What To Be Aware Of When Seeking Vitamins

Although vitamins are generally considered safe, there are still things that any informed consumer should be aware of before purchasing any product. The Food and Drug Administration (FDA), which regulates the contents of medicine and food to ensure purity and to prevent contaminants from entering these necessities, does not guarantee the truthfulness of claims that health and wellness vendors make about their products. Vitamins are regulated as a supplement. This effectively means that the federal government does not verify the claims made by vitamin sellers or the contents of their products. Fear not, there are many private methods for finding the best vendors in the space. Make sure to vet the company you’re purchasing your supplements from, and also make sure they can independently verify the contents of their supplements. 

It’s also advisable to always check with your medical professional or primary care physician when integrating a supplement into your health and wellness routine. While the above interactions are the most common and well-understood, specificities to each person's individual health and body may significantly affect interactions of vitamins. In other words, if you have a health or genetic condition that sets you apart from the general population, vitamins may not work the same way on your body the way they do on others.  

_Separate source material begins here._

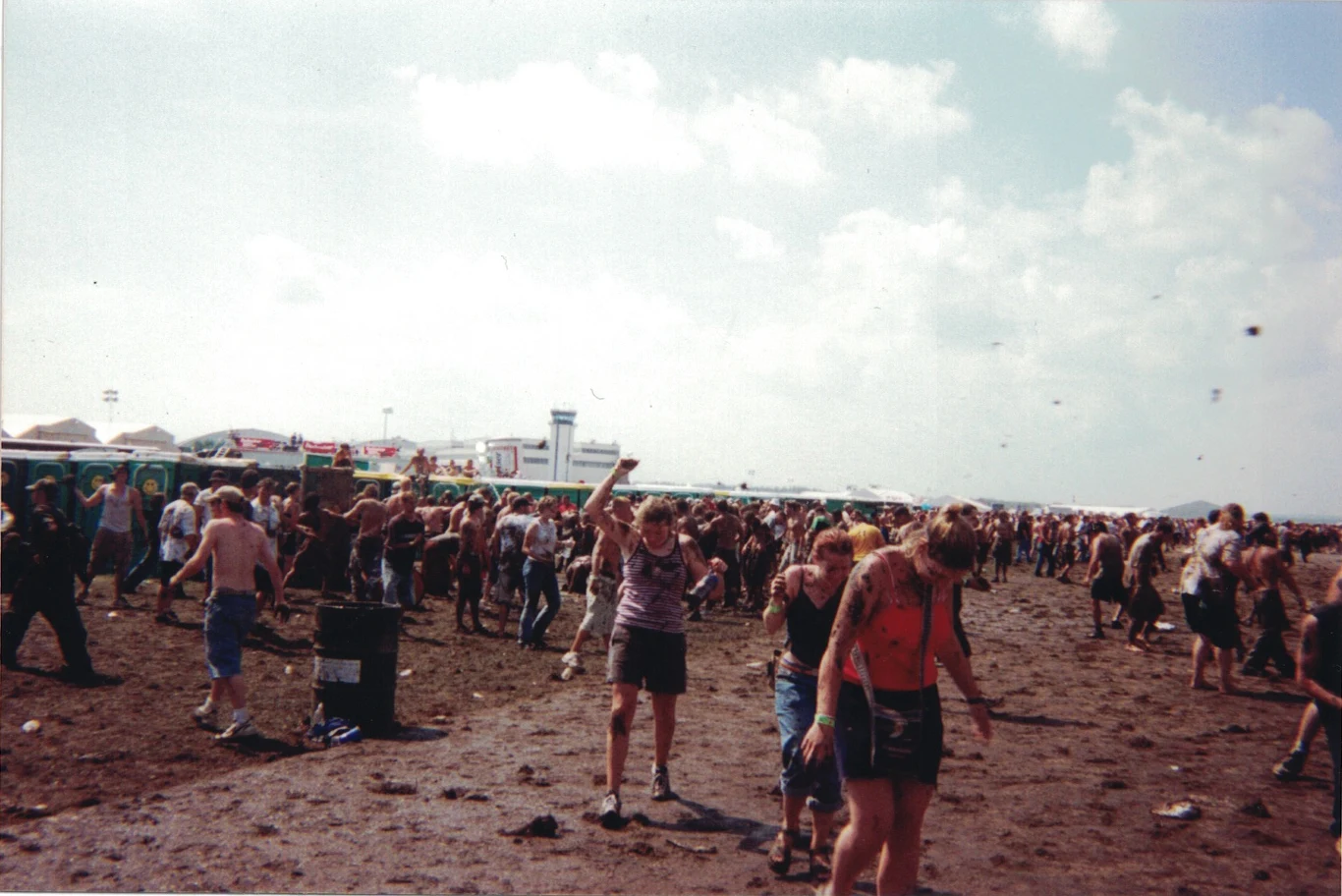 Fotos z filmu "Music Box. Woodstock ’99: Pokój, miłość i agresja" Fotos z filmu "Music Box. Woodstock ’99: Pokój, miłość i agresja"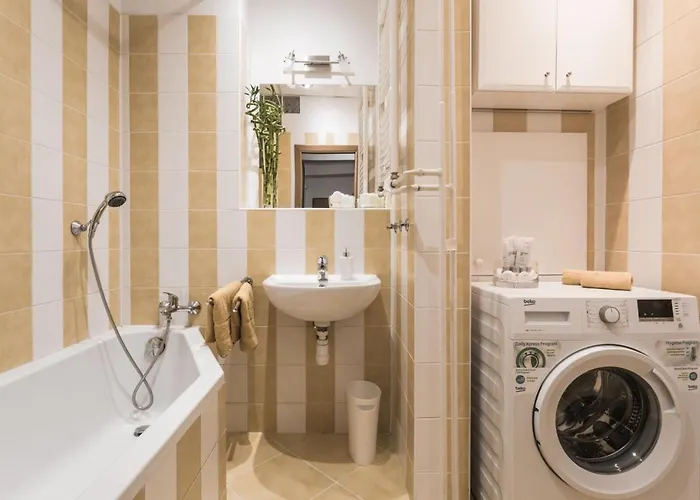 Flexihome Sk - Tolsteho - Free Parking On The Street - 2 Bedrooms 아파트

Who Should NOT Take Vitamins and Supplements?

Some people who have underlying health conditions should avoid vitamins unless specifically recommended by a physician. While vitamins are mostly a good thing and can supply proper nutrients for our body, sometimes too much can cause serious problems.

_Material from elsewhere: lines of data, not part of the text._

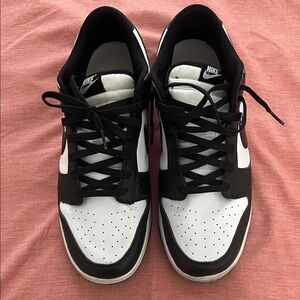 Nike Men's Black and White Dunks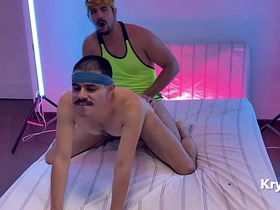 无套狂干。第一部 bisexual asian gay sex videos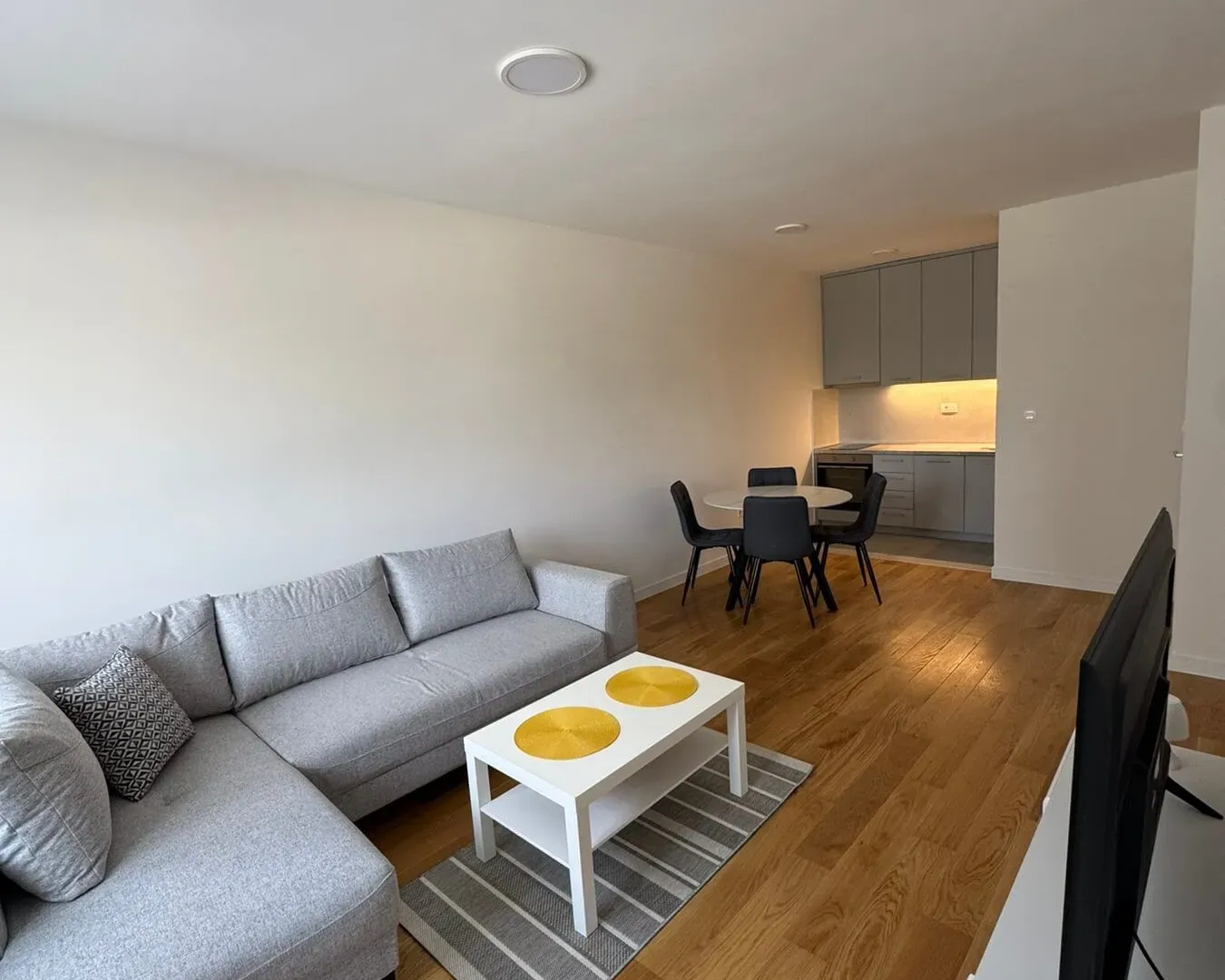 Rent, one bedroom apartment, 49m², Central Point, Podgorica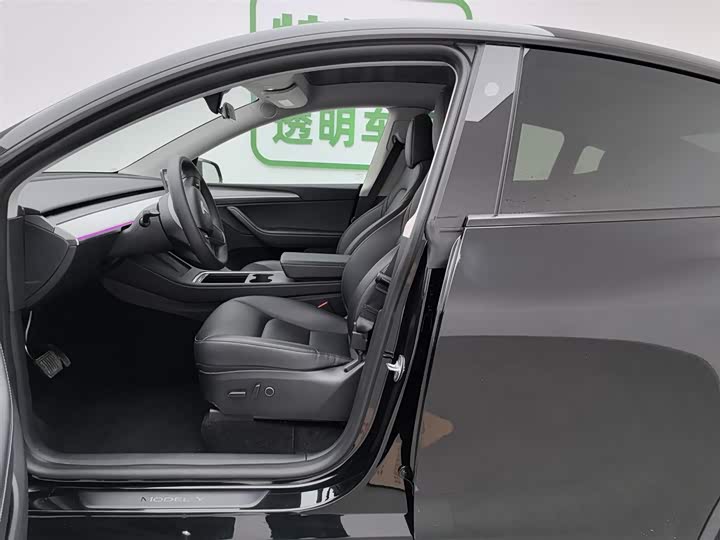 Фото 10 - Tesla Model Y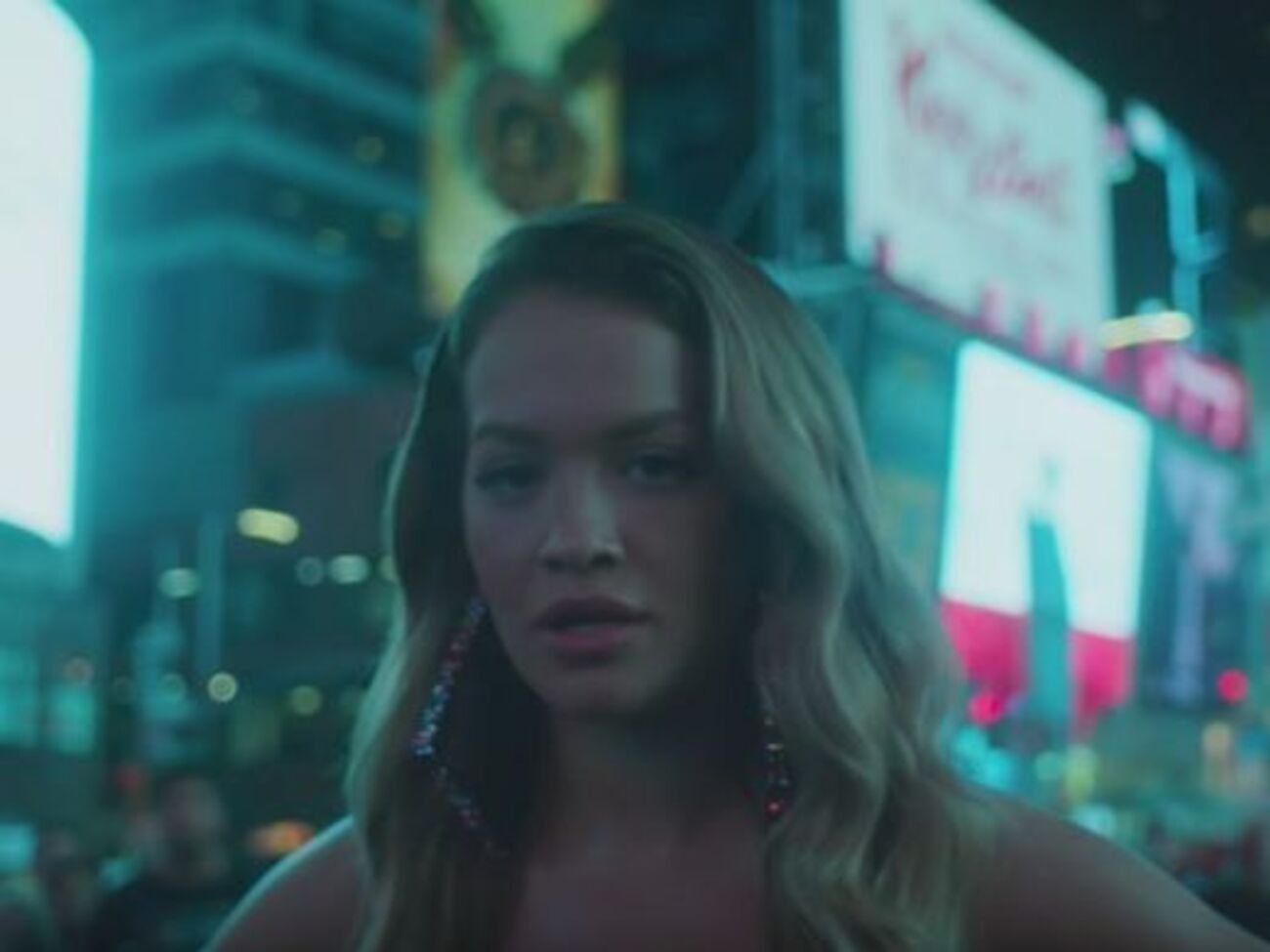 Рита Ора:&nbsp;Я погрязла в рутинной ежедневной работе и мечтала уехать из города и отправиться в путешествие с друзьями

  • Pregnant and breastfeeding women should generally avoid certain vitamin supplements. They should only be taking prenatal vitamins specifically made for pregnant women and approved by their physician.
  • People who take certain heart medications should generally avoid vitamin supplements because of adverse interactions.
  • People who have an immediately pending surgery should generally avoid vitamins. Some vitamins can cause excessive bleeding during surgery

These guidelines are, of course, general, and can at any time be overridden by the advice of your primary care physician. If there is one thing to glean from this article, it is that everybody's vitamin needs are quite different. You cannot rely on general information to construct your vitamin regiment. It is much safer to consult your physician. If possible and financially feasible, it is also beneficial to take a  micronutrient test to precisely determine what deficiencies you may have, which you can then share with your health professional to figure out the right treatment for you.